経済産業省はこのほど、サプライチェーン全体の付加価値向上、大企業と中小企業の共存共栄を目指す「パートナーシップ構築宣言」を推進する一環として、「パートナーシップ構築シンポジウム」をハイブリッド方式で開催した。開会に当たり、ビデオメッセージを寄せた西村康稔経済産業大臣は、パートナーシップ構築宣言を行った企業の数が1万6千社を超えたことに触れ、さらなる宣言の拡大について「重要な課題」と述べ、経済界への働きかけを継続する考えを表明。また、宣言の実効性向上に向けたサプライチェーン全体での新たな連携の取り組みを後押しする表彰制度創設の効果に期待を示した。
その後、オムロンの立石会長による基調講演のほか、新たに創設した「パートナーシップ構築大賞」の受賞企業の表彰式を開催。経済産業大臣賞に輝いた花王株式会社は、持続可能なサプライチェーンの構築に向けて、取引先とESG調達を推進するとともに、主要な取引先に、人権や環境などへの対応について、独自の視点も含めて評価・フィードバックを行いながら協働による改善活動を進め、優秀サプライヤーの表彰も実施したことなどが評価されたことが紹介された。
中小企業庁長官賞の株式会社日立システムズでは、取引先との連携・共創によりIT人財強化・事業拡大を推進。人財のスキルやプロジェクト情報などを相互に共有してマッチングを実施するとともに、取引先への人財育成機会の提供なども実施していることなどが評価された。
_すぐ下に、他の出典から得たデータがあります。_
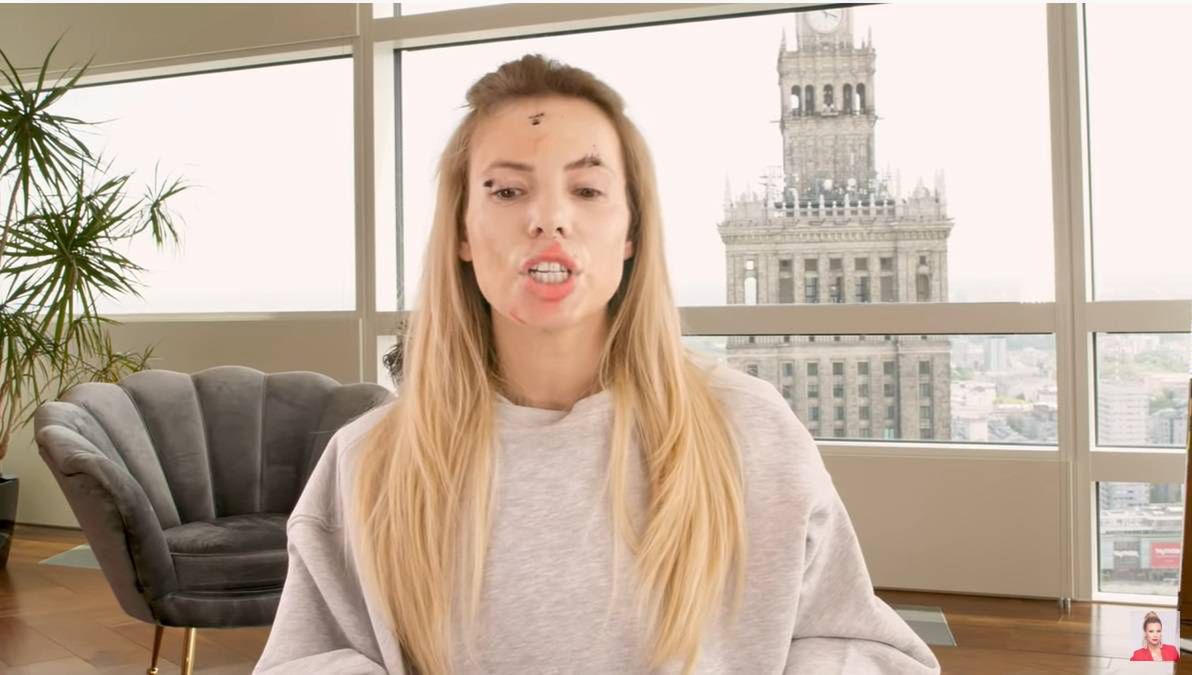 Izabela Janachowska screen z kanału You Tube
閉会式であいさつした日本商工会議所の小林健会頭は、表彰企業などの取り組みに触れ、「取引適正化はもとより、企業単体の取り組みでは解決できない社会的課題に対して、共存共栄の取り組みで解決することを目指すものであり、企業が進むべき方向を示すもの」と高く評価。また、企業活動を支援する行政や団体の連携の重要性も強調した。